I've been doing nightly smartctl self tests in order to try and find the problem... the above messages tell me that the drive has basically gone offline and nothing more... can anyone find any other meaning in the error logs?? The other drive comes up squeeky clean... same model, same firmware, same build date, same retailer...  swapping SATA ports on the motherboard and changing cables has not made any difference....

Any opinions?  It looks like I will be asking for a replacement drive... (I should also mention that the first 2 of this model I bought resulted in 1 DOA and the other died within a few hours of use)

drvik

----------

## neonman

What motherboard and sata controller do you have?

I've got a very similar problem with my WD drives (not in AHCI mode) running on an Abit AB9 pro (ICH8 controller).

I've made a post about it, but no real help there yet. You could search for my post if you want (search for: "Abit AB9").

----------

## zbrozlo

 *Quote:*   

> 
> 
> The system is a server that runs 24/7... occasionally I return to the computer to do some work and find that all partitions on the drives are inaccessible... unable to be remounted... rebooting the computer does not fix this because one of the drives is missing from the BIOS... I need to switch off the power for a short while and reboot that way.... when I do this there are no problems until the next crash... running the Western Dig diagostic software over both drives comes up alright... I installed smartmontools to try and "capture" the problem....
> 
> here's the relevant section of dmesg when the drive is inaccessible... 
> ...

 

What does it mean that " drive is missing from the BIOS (..) when I do this there are no problems until next crash" ?

It means that short after crash your drive is not available in BIOS, and after 'short while' becomes available ?

For me, it looks like power-related issue.. could You give some info about you machine config ? Maybe power adaptor is near-dead ..

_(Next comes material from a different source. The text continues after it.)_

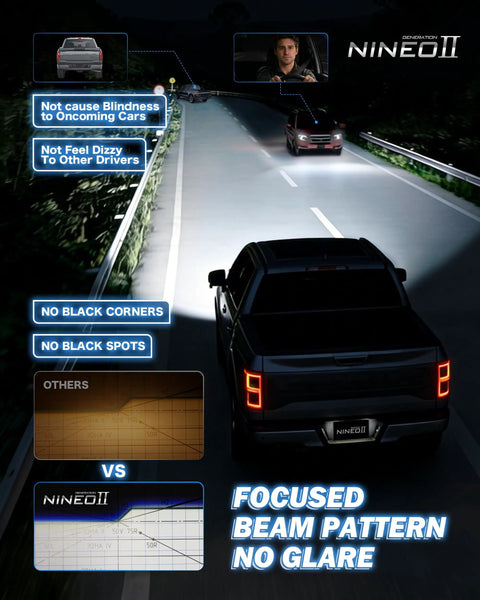 Slick H7 Headlight Bulbs Deliver Knockout Brightness With 24000 Lumens And Silent Fan Cooling For Epic Night Driving Visibility super easy plug and play setup, showing focused beam pattern without glare.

I`m not specialist, but second thing I would check if I were you, is if you have proper memory access latencies set and all DMA related stuff, which you can change in your BIOS ( I had similar lockup problem few years ago with slow SEAGATE disk, and the problem was too low memory access latencies set ). 

 *Quote:*   

> 
> 
> Any opinions? It looks like I will be asking for a replacement drive... (I should also mention that the first 2 of this model I bought resulted in 1 DOA and the other died within a few hours of use) 

 

yeah, it definetely look like power problem.

----------

## VoVaN

I have _exactly_ the same problem, but with  Maxtor 6V250F0 drive. The problem occurs randomly and it's very difficult to debug...

I even have a post about that: https://forums.gentoo.org/viewtopic-t-512849-highlight-.html

----------

## drvik

neonman,

I have a DFI Expert motherboard with a nvidia 4 SATA and Silicon3114 controllers on board... the problem was occuring on the nvidia controller....

zbrozlo,

after the drive becomes unusable and I perform a linux reboot, when the messages come up in the BIOS POST, it take a little longer to go through the drive checking part and it fails to find the affected drive... if I press the power button to switch off the machine and switch it back on again, a nasty clicking sound comes from the drive with no BIOS post.... I have to resort to switching off the power supply, waiting a moment and switching it back on... then the computer powers itself on correctly....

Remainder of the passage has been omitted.